Same divider, two different industries: structured data is the clearest line between a site an answer engine can confirm facts on and a site it has to guess about. Restaurants are not special here. The same gap should hold. They just add one more failure mode on top of it, the menu as a photo, which locks away the exact dish and dietary facts a diner is asking about.
The full breakdowns are in the clinic study and the hotel questions post. If writing JSON-LD by hand sounds like a chore, the schema generator reads your page and drafts a correct Restaurant block for you to paste.
The pattern under all 15
You do not need all 15 fixes this week. Pick the one question closest to what your actual guests ask, hours, dietary, reservations, whatever it is, and fix that single fact first: turn it into text an engine can read, not a graphic it has to guess at.

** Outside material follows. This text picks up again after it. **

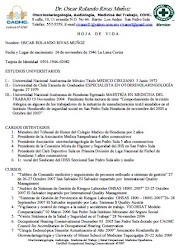 Haga CLICK AQUI para ver el Curriculum Vitae del Dr. Oscar Rivas
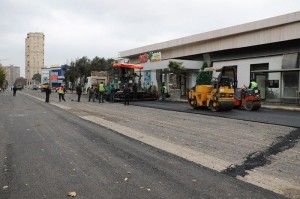 Binəqədinin daha bir küçəsi təmir olunur - FOTO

If you want to see where your own restaurant's homepage stands, the free Report Card tool scores it out of 100 in about ten seconds, no signup, and tells you exactly which of these facts are missing.
Frequently asked questions
Do I need a reservation system integration for acceptsReservations to work?
No. The schema field just states whether you take reservations at all. You can set it to true and still take bookings over WhatsApp or by phone. The point is giving the engine a plain yes or no answer, not proving you have a booking platform.
My menu changes often. Is it worth typing it out as HTML text?
Yes, even a simplified version helps. You do not need every seasonal special listed. A stable core menu with dish names, price range, and dietary tags as real text gives an engine something to quote, which a photo or PDF never will.
Will adding this structured data actually make ChatGPT recommend my restaurant?
It removes a reason to skip you, it does not guarantee a mention. Answer engines still weigh reviews, mentions elsewhere, and relevance to the question. Structured data and readable text are the floor, not the whole answer.
Where do I even put openingHoursSpecification if I am not a developer?
It is a small JSON-LD block that goes in your page's head section, and most website builders let you paste custom code there. If you are unsure what your current markup looks like, the Report Card tool flags whether it is present before you touch any code.